AMAC Exclusive – By Aaron Flanigan

free speech on Ireland flag

As debates over the First Amendment, digital censorship, and government collusion with Big Tech continue to loom large over American politics, perhaps the gravest threat to free speech in the Western world is now quietly emerging across the pond on the Emerald Isle.

Following days of rioting in Dublin that came in response to an Algerian migrant brutally stabbing a woman and three children in broad daylight on November 23, the Irish government is now actively pushing a so-called “anti-hate speech” law that, if enacted, would likely stand as the most blatant violation of the right to free speech in the West today.

Though Ireland already has laws on the books prohibiting criminal harassment and the incitement of riots, the recently proposed legislation would drastically expand the Irish government’s power to restrict not only speech, but also the mere possession of materials that it deems “likely to incite violence or hatred.”

Specifically, the bill targets any “offense of preparing or possessing material likely to incite violence or hatred against persons on account of their protected characteristics.” The bill defines “hatred” as “hatred against a person or a group of persons in the State or elsewhere on account of their protected characteristics”—which include national origin, “transgender” status, and “gender[s] other than those of male and female.”

The legislation further notes that one of the punishable acts relating to “xenophobia” is “the commission of an act… by public dissemination or distribution of tracts, pictures or other material.”

In other words, under the bill, criticism or even the simple possession of material that is critical of Ireland’s lax immigration policies or leftist gender ideology would likely be deemed illegal—amounting to the effective criminalization of basic political speech. As Elon Musk warned, Irish citizens could be jailed for simply “having a meme on your phone.”

“Racism and xenophobia are direct violations of the principles of liberty, democracy, respect for human rights and fundamental freedoms and the rule of law, principles upon which the European Union is founded and which are common to the Member States,” the bill states.

In a press release, the Ireland Department of Justice maintained that previous “hate speech” laws on the books were ineffective because they had resulted in “only about 50 prosecutions in the more than 30 years since it was enacted.” The new law, the press release went on, would enact “simpler provisions designed to be more effective in securing convictions”—a clear sign that the Irish government is not only prepared, but also apparently eager to start jailing citizens for expressing dissenting political views.

Though the bill was first introduced more than a year ago, last week’s Dublin riots have served as the latest impetus for Irish progressives to double down on their desire to restrict speech.
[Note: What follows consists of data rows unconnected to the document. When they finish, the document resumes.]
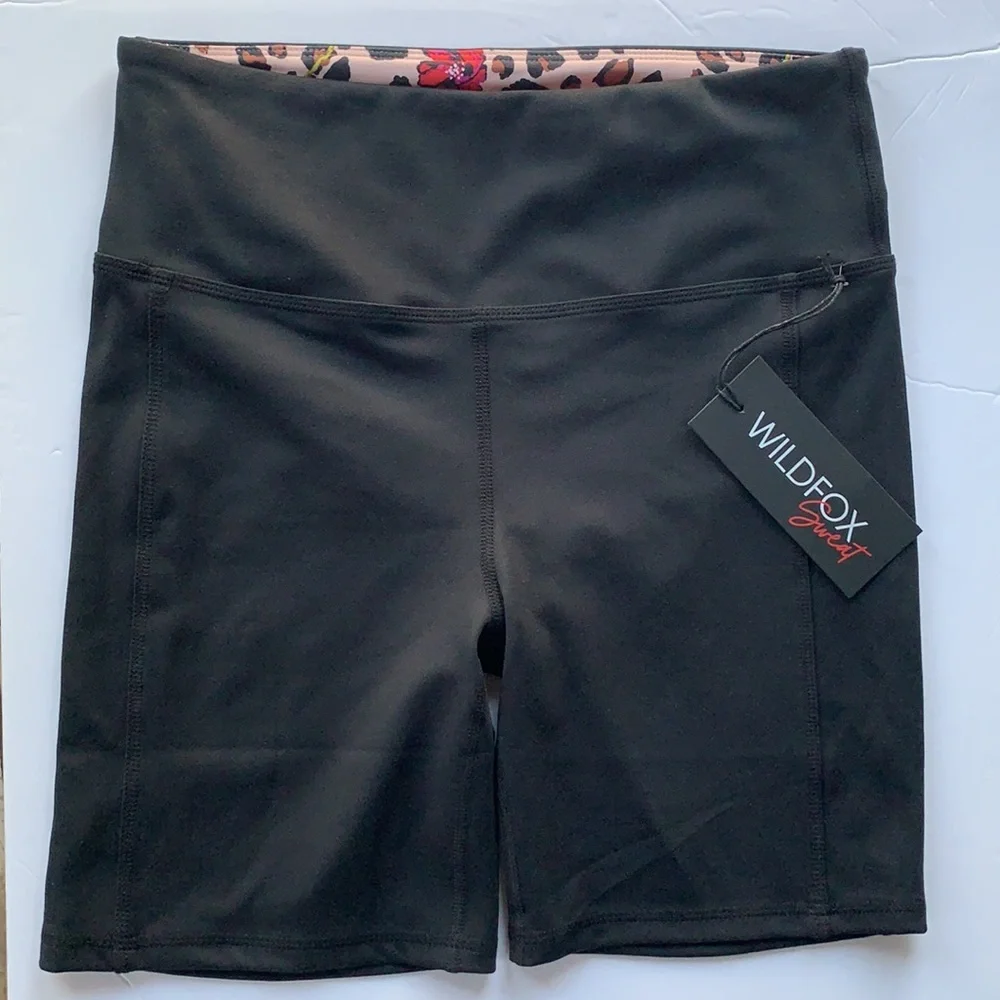 WILDFOX‎  black/natural wild leopard biker shorts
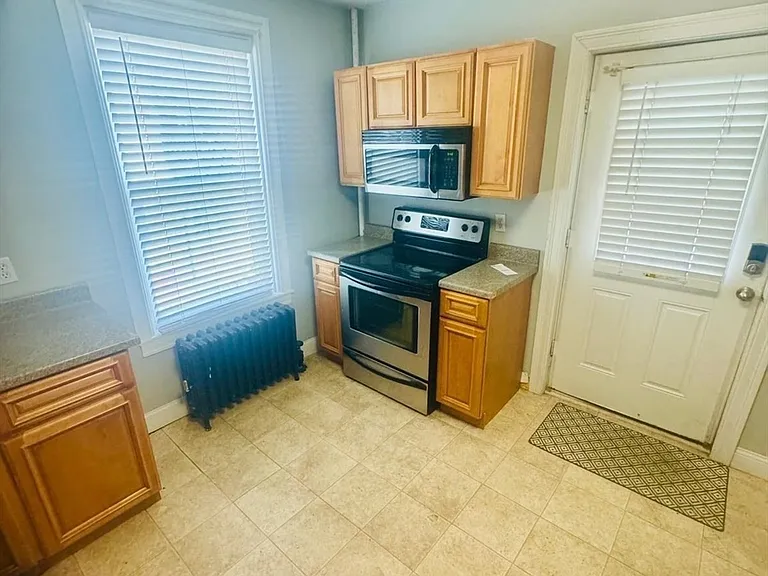 36 Cedar St #1A — Photo 6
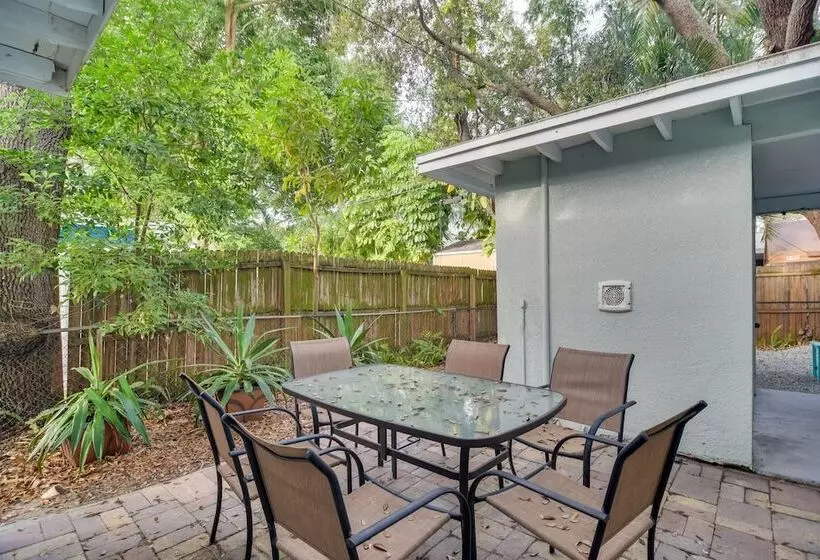 Sunny Gulfport Home: Walk To Art District + Beach!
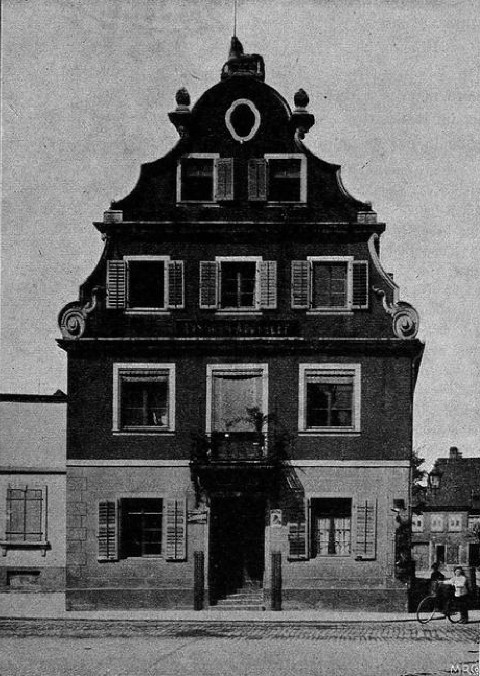Fig. 287. Einhornapotheke in Offenburg
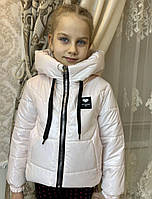 Дитяча демісезонна коротка курточка на дівчинку білого кольору з капюшоном розміри 116-140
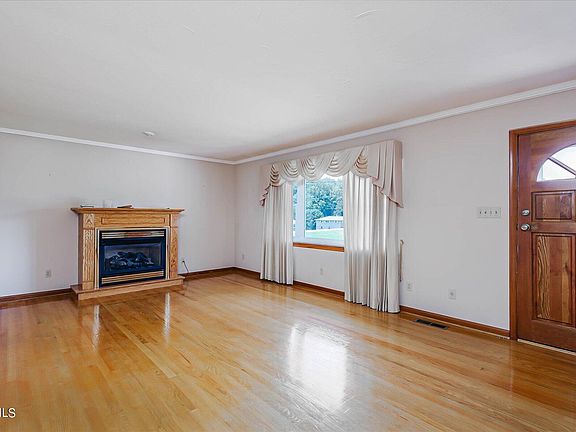 5th image of 108 Honeysuckle Ave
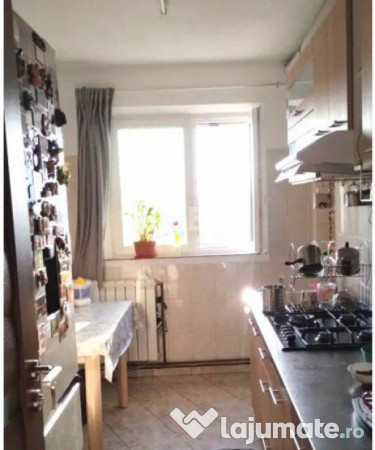 Centru- apartament 3 camere 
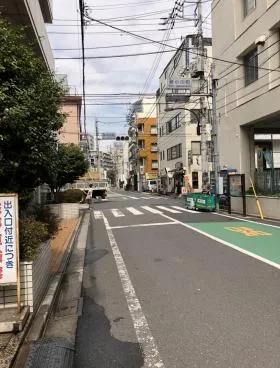 新小川町ビルの外観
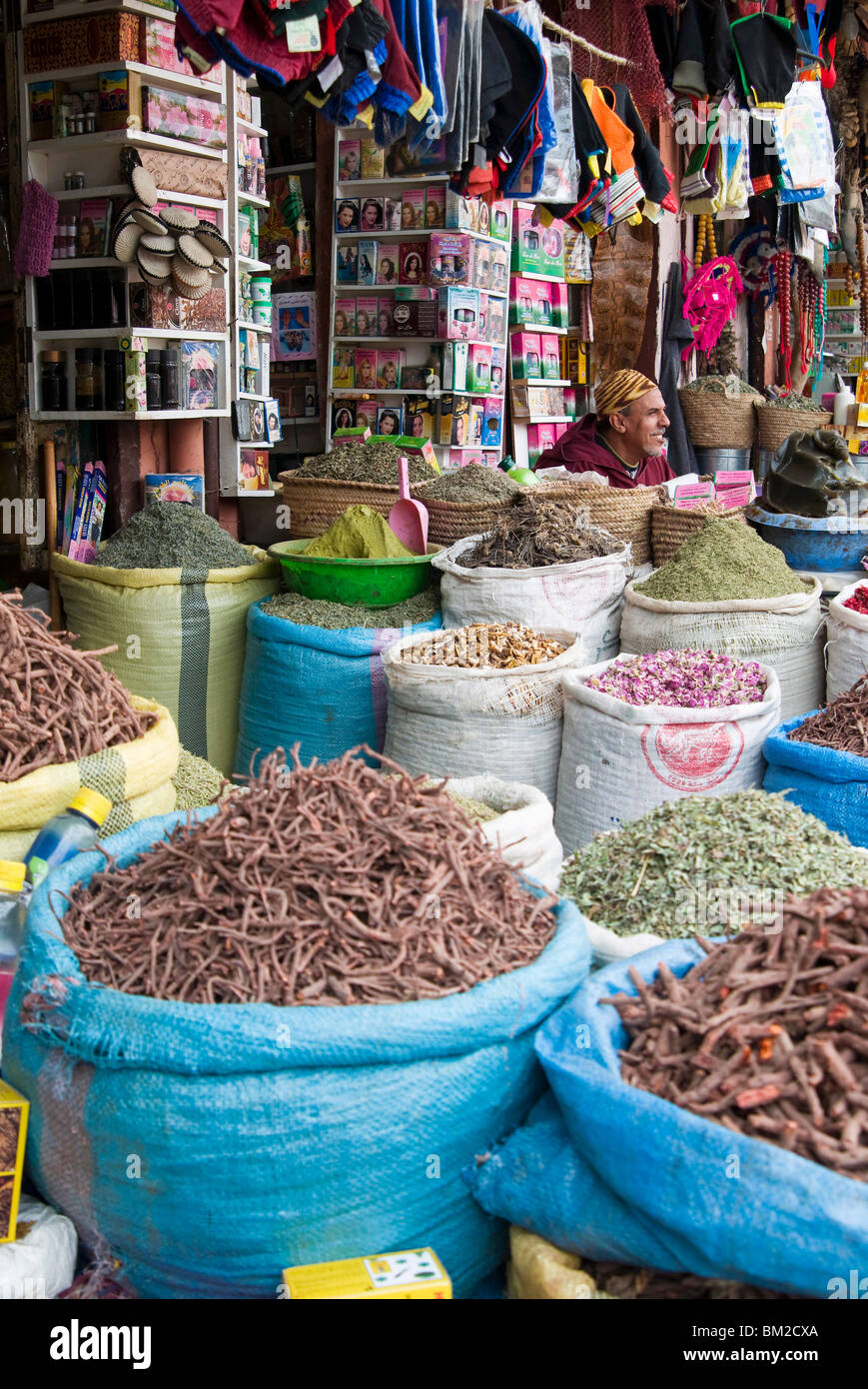 Les épices et les herbes à vendre au souk, Médina, Marrakech, Maroc (Marrakech) Banque D'Images
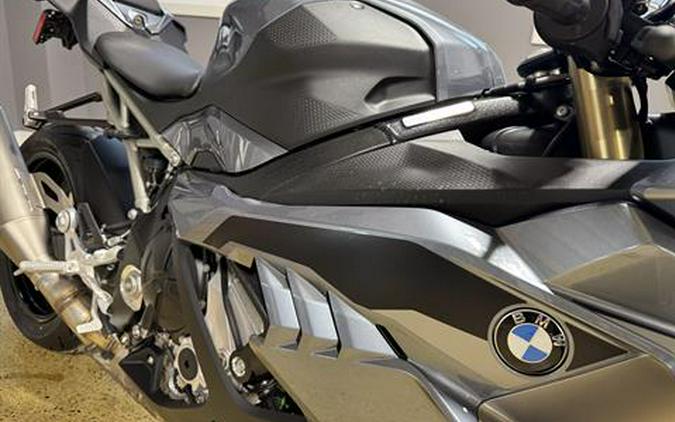 2026 BMW S 1000 RR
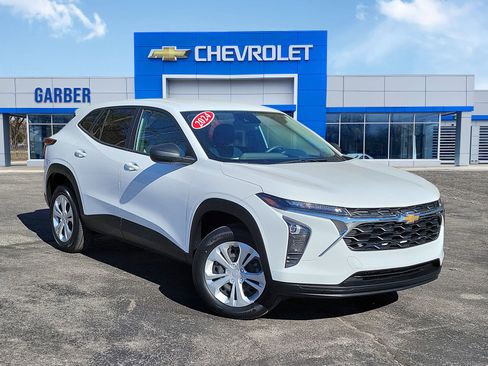 Certified 2024 Chevrolet Trax LS FWD image 1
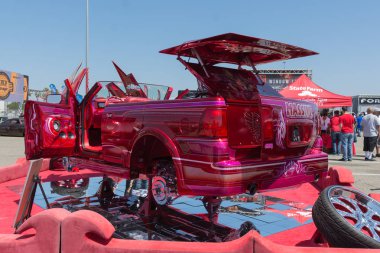 Lincoln Navigator Dub göstermek tur sırasında ekranda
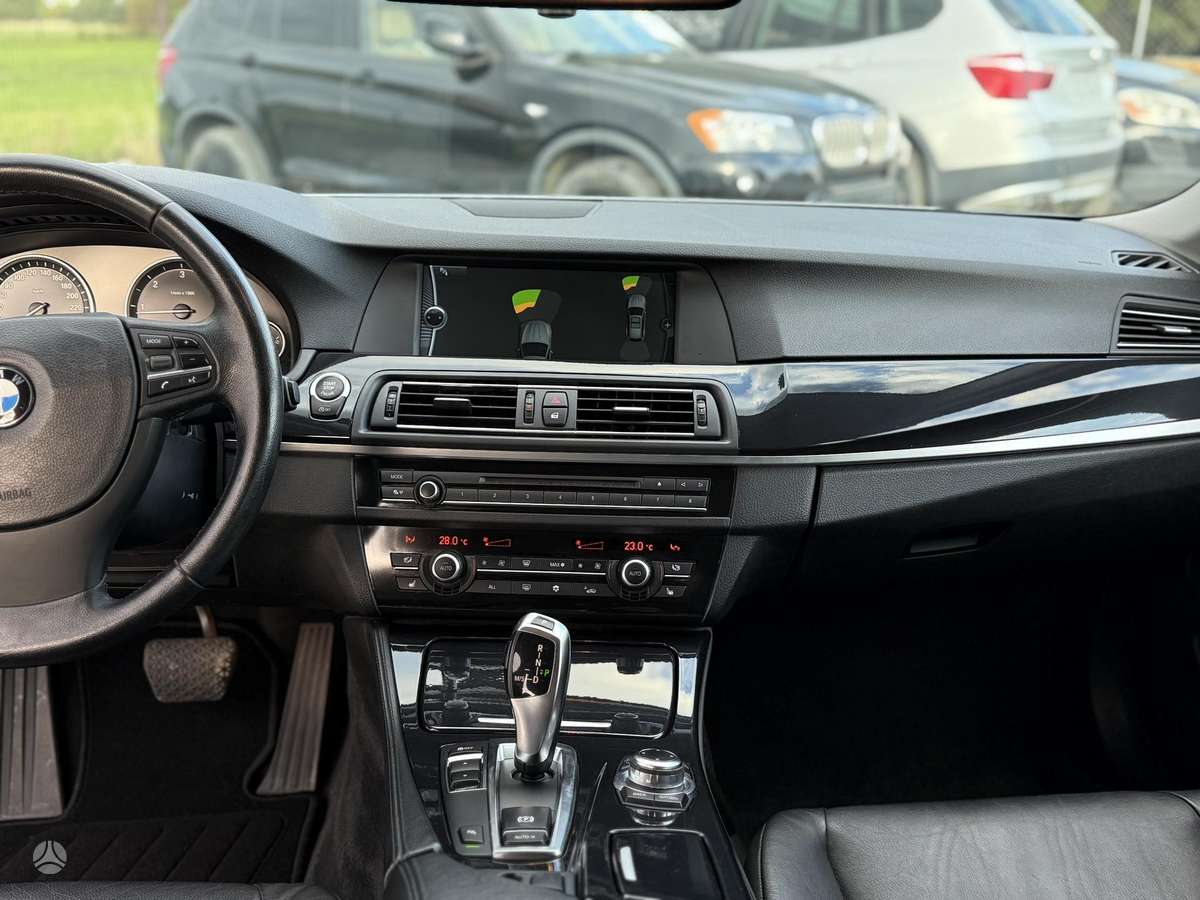BMW 520, 2.0 l., wagon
Immediately following the riots, which the media has predictably blamed on the “far right” (even though, in the words of columnist Michael Brendan Dougherty, the riots mostly “consisted of the usual opportunistic lootings”) Irish Prime Minister Leo Varadkar used the occasion to call to “modernize laws against hatred.” An updated set of laws, he said in a speech, must allow Irish authorities to individually “go after” people “who post messages and images online that stir up” what they perceive to be “hatred and violence.”

Polls show that approximately three out of four Irish reject the proposed legislation—and it’s no wonder why. For all of civilizational history, efforts to censor, restrict, or otherwise stigmatize political speech have been a leading indicator of tyrannical and despotic regimes. If Ireland ultimately passes this bill and sends the right to free speech to the chopping block, it is not difficult to imagine that other Western nations might follow suit.

As writer Rod Dreher observed in The European Conservative, “It will not get any better in Ireland, in Britain, or anywhere else if the public simply sits back and waits for better times.” He continued: “If those people don’t take to the streets peacefully to stare down Varadkar’s government and make it retreat, they may not have the liberty to do so in the near future.”

For the good of the right to free speech, the cause of liberty, and perhaps the future of Western civilization itself, citizens of the free world should hope the Irish will peacefully speak up while they still can.

Aaron Flanigan is the pen name of a writer in Washington, D.C.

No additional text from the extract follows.